Heat capacity measurements of yttrium barium(2)copper(3)oxygen(7-delta) near T(c): Fluctuation effects in a bulk superconductor

Abstract

High-resolution ac heat capacity measurements of YBa$\sb2$Cu$\sb3$O$\sb{\rm 7-\delta}$ near the critical temperature are reported and discussed. The samples are high-quality single crystals, several of which display untwinned regions making up at least 50% of the sample mass. The heat capacity data show a cusp-like anomaly instead of the discontinuous step observed in "classic" superconductors. This divergence is indicative of the presence of fluctuation contributions and is due to the exceptionally short Ginzburg-Landau coherence length of this material. Because there is considerable uncertainty in the temperature of cross-over from mean-field to critical behavior, the zero-field heat capacity data are analyzed both as a lowest-order correction to mean-field BCS theory (the Gaussian approximation) and in terms of true critical behavior. The analysis shows that the data are best described within the Gaussian approximation as three-dimensional fluctuations of a two-component order parameter, but the results do not rule out a more complicated order parameter or a logarithmic (critical) divergence. The underlying BCS step indicates strong-coupling behavior.

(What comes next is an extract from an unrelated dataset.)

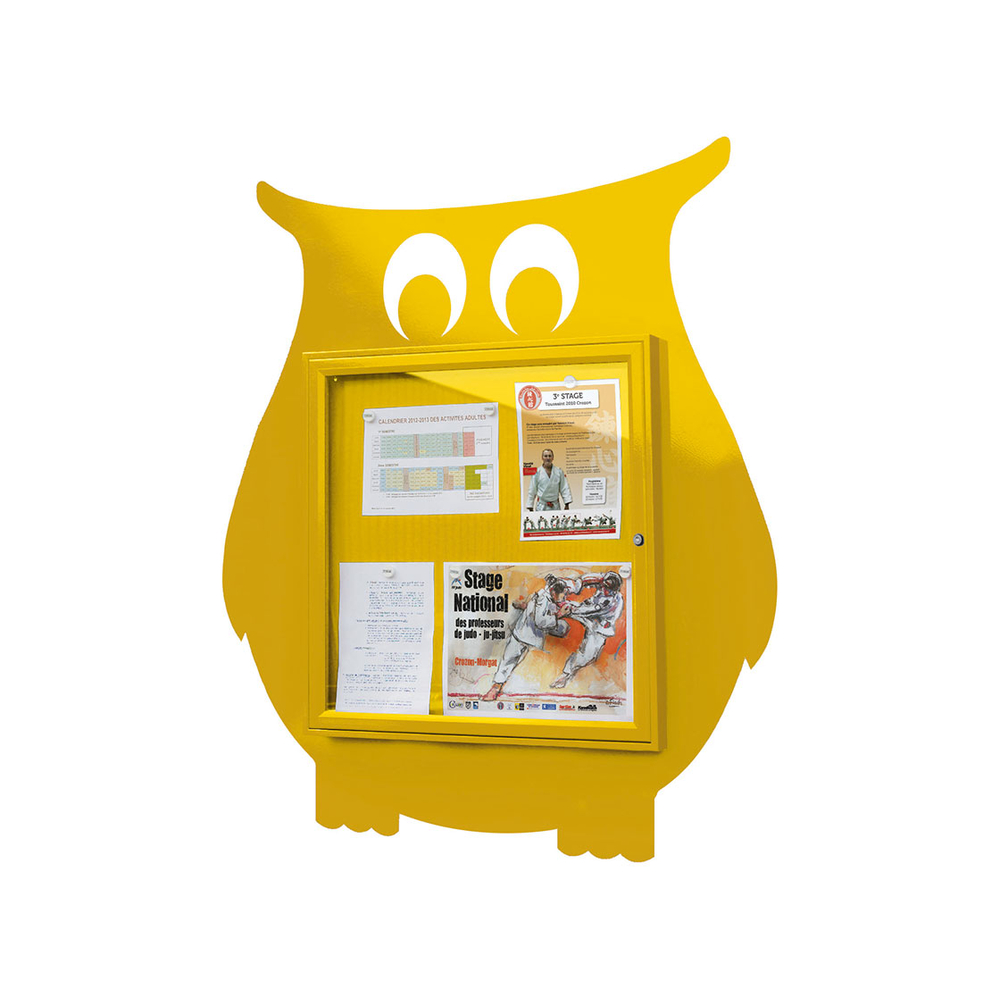 Vitrine Thématique RAL1021 - Hibou 6 A4 - 750x750mm - PROCITY - 405029.1021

Application of a magnetic field broadens and suppresses the heat capacity transition, with no apparent shift in the onset of superconductivity, and with the effects more pronounced for fields applied parallel to the c-axis than for fields in the ab-plane. We find this behavior cannot be explained in terms mean-field theory. Rather, the anisotropic broadening and suppression may be understood in the context of critical finite-size scaling, since the length scale of the fluctuations is essentially restricted to values less than the lowest-order Landau radius in directions perpendicular to the applied field.